# starter booster relay kits---what are they?



## rbig (Sep 5, 2004)

Lately I've run across what are termed "starter booster relay kits", or words to that effect. These seem to be a relay, inserted in series with the starter solenoid.

Are they to boost a weak solenoid? Don't see how they could boost a dragging starter. If they are to boost a weak solenoid, how does this happen?


----------



## Live Oak (Dec 22, 2003)

I will take a shot at this. In older equipment and automotive systems, the starter used to be wired so the power was routed through the starter switch. This created a lengthy route of wiring which creates resistance and voltage drop enroute to the starter. The "start booster relay" wires the starter directly to the battery via a relay which in tern is wired to the start switch. When the start switch utilized, it in tern energizes a relay which in turn routes electric power directly to the starter from the battery. This method provides the max. voltage and amperage to the starter as well as lessens the potential for electrical problems associated with routing the starter power through the start switch. This type of relay is also used with automotive headlights to reduce the potential of problems associated with routing headlight power through the headlight switch. 

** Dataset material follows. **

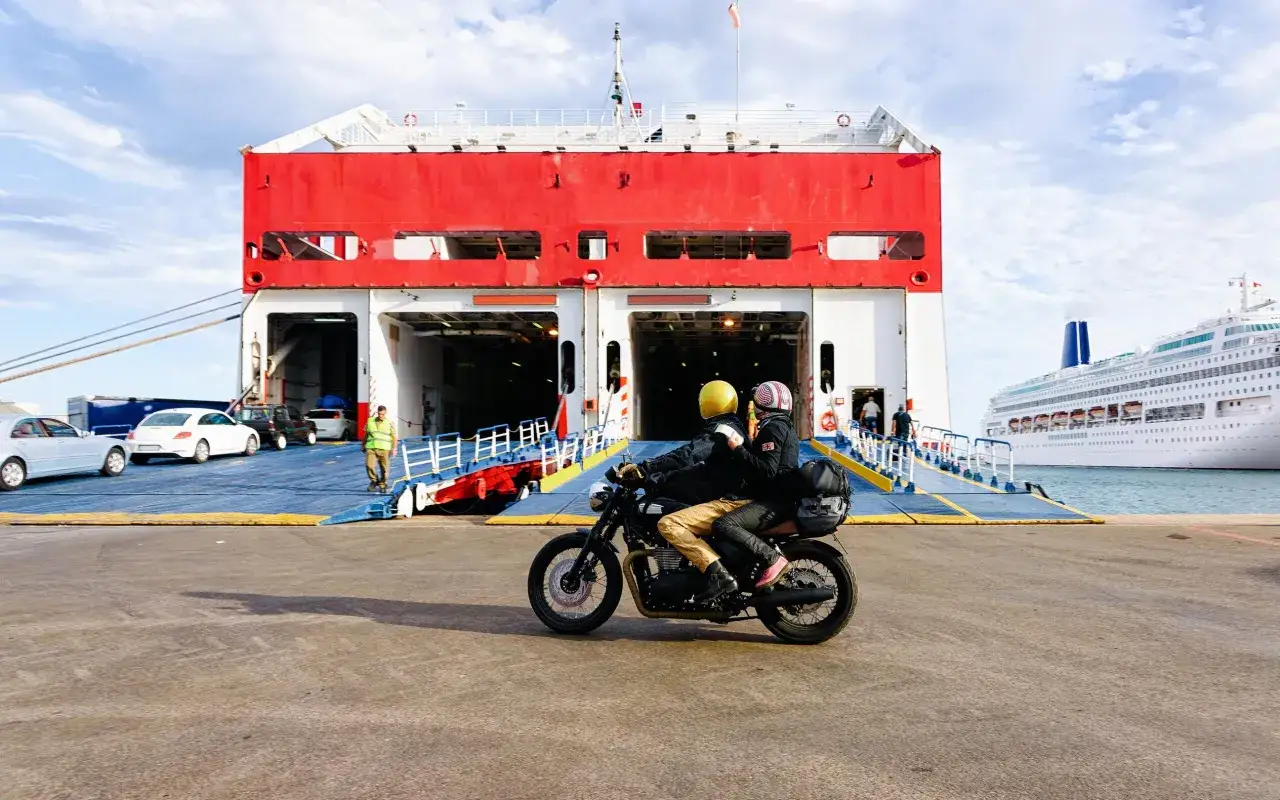 Coppia in moto sbarca da un traghetto, pronta per esplorare Ischia. Sullo sfondo, un'altra nave da crociera.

Now that I have confused everybody!   Here is an article that hopefully explains it better than I do! 

Relays


----------



## DEERE180 (Jun 20, 2006)

Yep these little buggers ADD extra current carrying capacity to the starter solenoid during startup. I got one for my JD180 - they are about $20 and it makes a great difference in starting!!! I bought my kit after about 8 yrs of operation when the JD did not want to start (even after a new battery).

It is easy to install and works like a charm. There are kits for all JD's 100-190? series. As a JD dealer.


----------